Surprisingly, the Octavia Estate is exactly the same length as the hatch (4,659mm), but the estate-car styling means the long rear overhang doesn’t look anywhere near as awkward as it does on the five-door. The only other difference between hatch and estate is the addition of black roof rails – although you can upgrade them to silver rails for £150.
The SE model comes with 16-inch alloy wheels, which seem a little lost in the arches. The 10-spoke 17-inch wheels supplied with Elegance versions are smarter.
Inside, the Octavia is pretty solid, but unspectacular. There’s plenty of dark grey plastic trim, yet it’s lifted a little by the gloss- black finish surrounding the radio, and extra silver trim around the gearlever and doors.
As it uses the same chassis as the Leon ST and VW Golf Estate, you’d expect the Octavia to feel similar on the move. Yet there are some key differences when you get behind the wheel. For starters, the 104bhp 1.6-litre TDI engine isn’t as well insulated - there’s a distinct diesel rattle at idle, and it sounds more strained when you accelerate, too.
The Skoda features a five-speed manual gearbox with long ratios for improved efficiency. In the real world, that transmission means you need to work the Skoda hard, but the positive shift action lessens the strain.
The Octavia comes with a Driver Profile system, which adjusts engine and steering response according to which mode you’ve selected (Eco, Normal, Sport or Individual). Yet it doesn’t get a front differential, so it’s not really eager to turn in. Even so, the naturally weighted steering, decent grip and strong brakes give the Skoda composed and confidence-inspiring handling.
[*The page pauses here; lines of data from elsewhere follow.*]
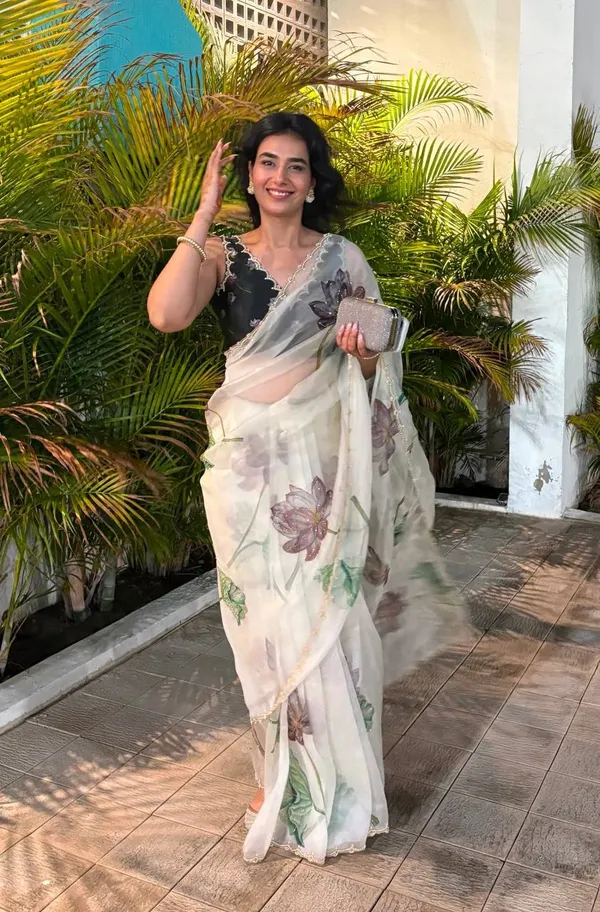 Women_S_Exquisite_Lavender_White_Organza_Saree_With_Hand_Painted_Lotus_Floral_Motifs_Gold_Embellished_Border_Complete_With_Matching_Printed_Blouse_For_Festive_Special_Occasions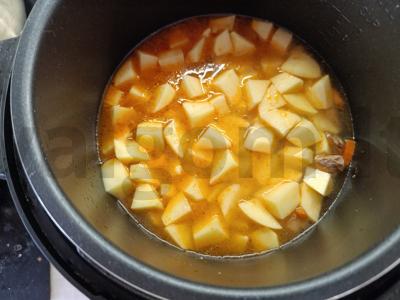 Troškinta bulvė su kiauliena lėtoje viryklėje Žingsnis 4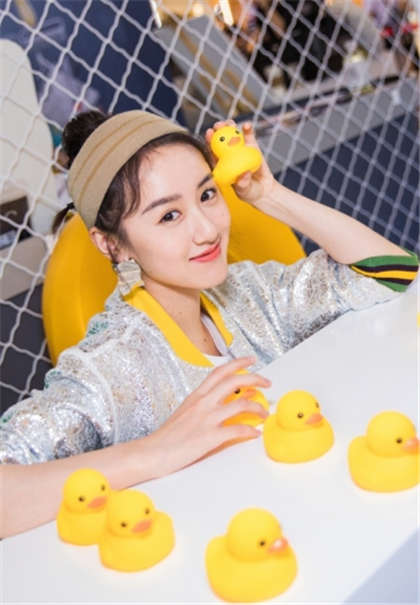 黄色污污小说-在公交上我进入了她湿润的身体_芳疗氧性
When you’re taking it easy, it’s clear that the Skoda’s suspension isn’t quite as well isolated as its rivals’. Like the Honda, VW and SEAT, the car suffers from a firm ride that softens at higher speeds, yet it still transmits too many noisy bumps and thumps into the cabin.
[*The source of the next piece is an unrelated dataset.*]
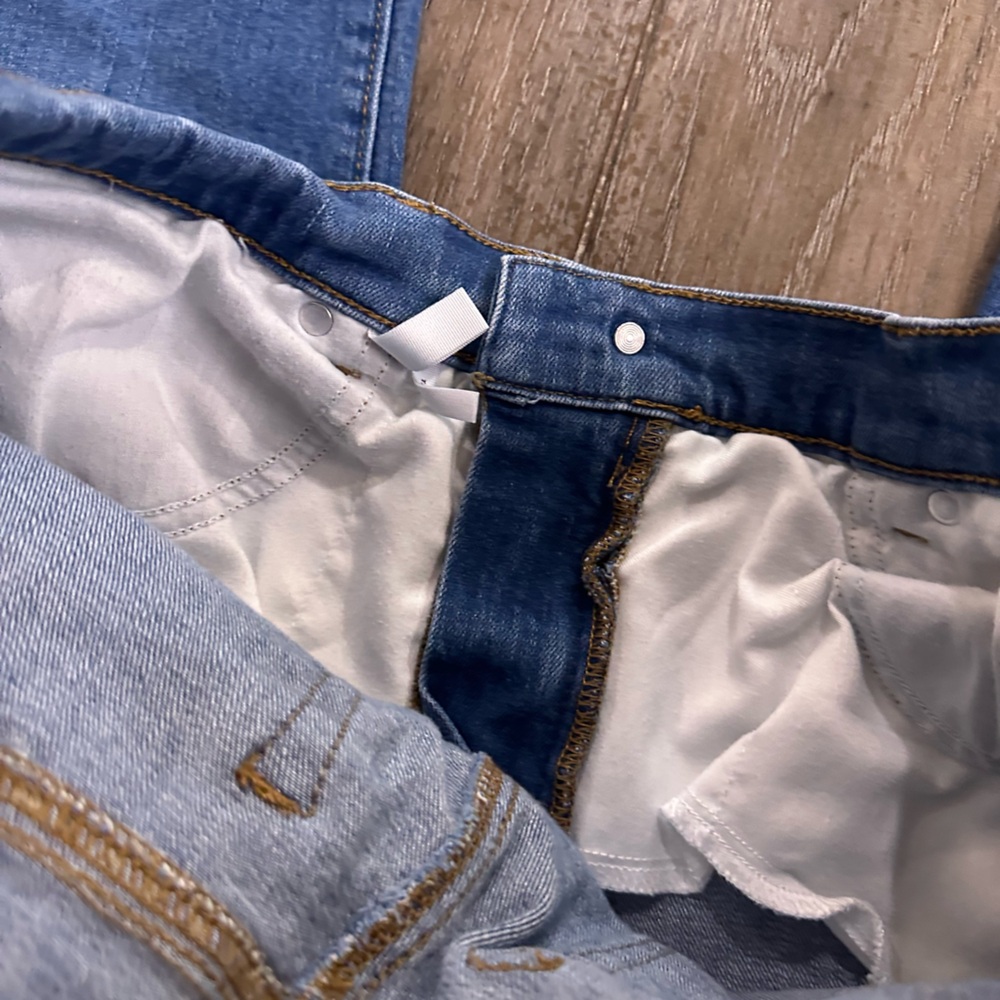 LOFT Classic Blue Jeans - Picture 6 of 11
The Skoda is a relatively new car, but there should be no concerns about its long-term durability. Its platform forms the basis of many VW Group cars, while the 1.6-litre TDI engine is tried and tested.
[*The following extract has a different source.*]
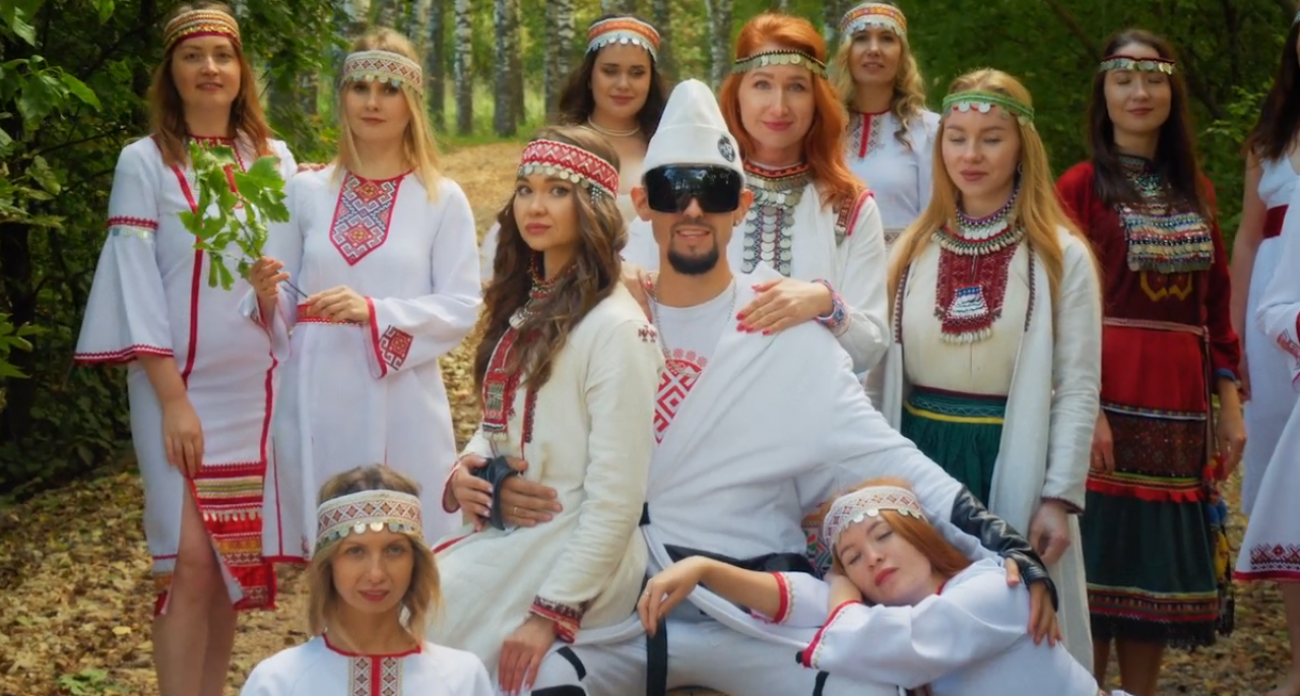 Марийский рэпер взорвал соцсети клипом о красоте местных девушек и о любви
You also get excellent dealer back-up from Skoda –the brand consistently impresses in our Driver Power satisfaction surveys.
Euro NCAP awarded the Octavia hatchback a five-star crash-test rating, and standard safety kit includes post-collision braking, which will automatically apply the brakes after a crash to stop the car moving in the event of a secondary impact. Driver fatigue and tyre-pressure monitors feature, too.
The Octavia no longer leads the way for boot space in this class, but its 610-litre capacity will be more than enough for most buyers. However, fold the 60:40 split rear bench flat and the space increases to 1,740 litres.
The Octavia has a step in the floor behind the seats, so you don’t get a totally flat load area. For £150, you can add an optional variable load floor, which removes any obstacles and creates handy underfloor storage. The load bay is also packed with useful hooks and cubbies, seatback release levers and a 12V socket.
Elsewhere in the Octavia’s cabin, you’ll find plenty of useful storage, including an air-conditioned glovebox, deep door bins and a handy cubby in front of the gearlever.
In the back, there’s a folding centre armest with a pair of cup-holders. Better still, rear passengers get loads of head and legroom.
The Octavia Elegance with the DSG gearbox is just a tenner more than the equivalent Golf SE. However, the Skoda comes with more equipment, including climate control, voice- activated Bluetooth and rear parking sensors – adding just the latter two items bumps up the Golf’s price by £1,140.
Both cars have a decent range of options, although the Skoda manages to trump the VW once again here, as its extras are slightly cheaper. Tax costs for the automatic models are identical, but the manual Octavia emits just 99g/km of CO2, putting it in lower private and company car tax brackets.